2.2. IgA and IgG Frequency in Breastmilk and Serum Three and Six Months Post-Partum

2.2.1. Breastmilk

In total, 27% (6/22) of the available breastmilk samples from the third month post-partum (pp) had IgA levels above the threshold. In relation to the trimester of infection, 16.6% (1/6) of women infected in the first trimester, 36% (4/11) of women infected in the second trimester and 20% (1/5) of women infected in the third trimester had IgA levels above the threshold in their breastmilk samples.

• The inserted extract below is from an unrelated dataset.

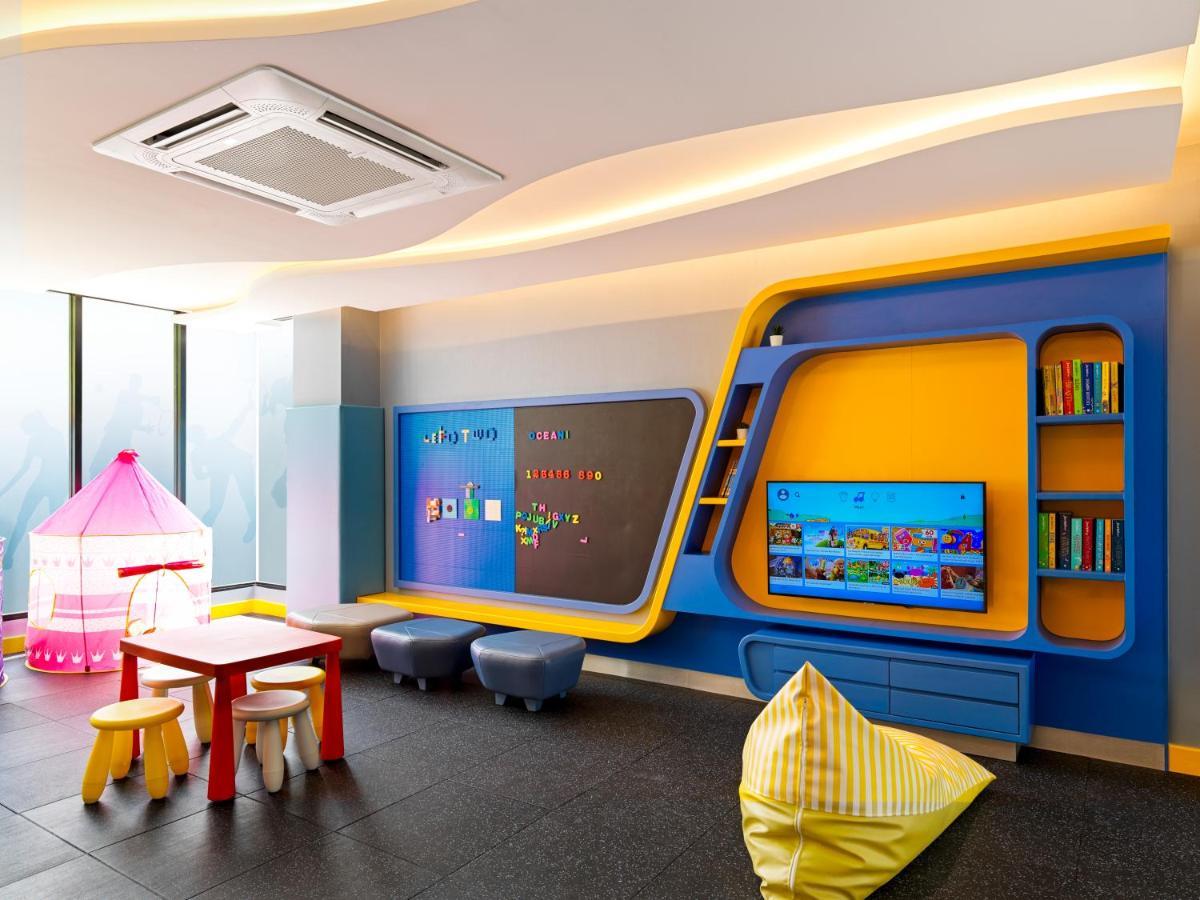 The Oceanic Sportel Phuket - Sha Extra Plus 外观 照片 A children's room at the hospital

In total, 28% (8/29) of the available breastmilk samples from the sixth month pp, had detectable IgA. In relation to the trimester of infection, 0% (0/3) of women infected in the first trimester, 38% (3/8) of women infected in the second trimester and 28% (5/18) of women infected in the third trimester had IgA levels above the threshold in their breastmilk samples (Table 3).

Table 3.

IgA and IgG frequency in breastmilk and serum three and six months post-partum.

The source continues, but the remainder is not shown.